FIG. 1 illustrates a drilling system for tripping drill string with continuous or constant circulation of drilling mud and continuous rotation of the drill string.

FIG. 2 shows a cross-sectional side view of a circulation coupler with RCD assemblies to define a chamber around a circulation sub.

FIG. 3 shows a cross-sectional side view of a circulation sub.

FIG. 4 illustrates a cross-sectional side view of a RCD assembly having a bearing package and a sealing component.

FIG. 5 is a cross-sectional drawing of a bearing package of the RCD assembly of FIG. 4.

FIG. 6 is a cross-sectional drawing of a sealing component of the RCD assembly of FIG. 4.

Embodiments are best understood by reference to FIGS. 1-6 below in view of the following general discussion. The present disclosure may be more easily understood in the context of a high level description of certain embodiments.

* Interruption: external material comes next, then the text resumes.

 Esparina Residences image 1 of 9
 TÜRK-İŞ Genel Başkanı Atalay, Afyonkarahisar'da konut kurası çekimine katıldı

FIG. 1 shows an embodiment of the disclosure. A drilling derrick 10 supports a crown block 11 and a travelling block 12 for making up drill pipe 14 sections of a drill string 13. A top drive 20 is suspended from the travelling block 12. A drill bit 15 is made up to the end of the drill string 13. The drill string 13 is suspended from the rig floor 16 via slips 17 in a rotary table 18 so that a stump 19 extends above the rig floor 16. The drill string 13 extends into the wellbore 21 so that there is an annulus 22 between the exterior of the drill sting 13 and the walls of the wellbore 21. A surface casing 23 extends from the top of the wellbore 21 and a rotating control device 24 is attached to the top of the surface casing 23. A blow out preventer (BOP), not shown, may be incorporated into the surface casing.

Drilling mud is circulated via a mud pump 30. The drilling mud is supplied to the drill string 13 via a diverter manifold 31. A pressure line 36 extends from the mud pump 30 to the diverter manifold 31. A line extends from the diverter manifold to the stand pipe 32, wherein the stand pipe 32 is connected to the top drive 20 via a rotary hose 33. Another line extends from the diverter manifold 31 floor pipe 34, wherein the floor pipe 34 is connected to a housing or circulation coupler 40 via a rotary hose 35. The housing or circulation coupler 40 (hereinafter “the circulation coupler 40”) is supported above the rig floor 16 via an arm 41. A discharge line 37 extends from the diverter manifold 31 to a retention tank or sump 38. Drilling mud being circulated up the annulus 22 is returned to the retention tank 38 via return line 39 connected to the surface casing 23 below the rotating control device 24. Drilling mud from the retention tank 38 is supplied to the mud pump 30 via a supply line 42.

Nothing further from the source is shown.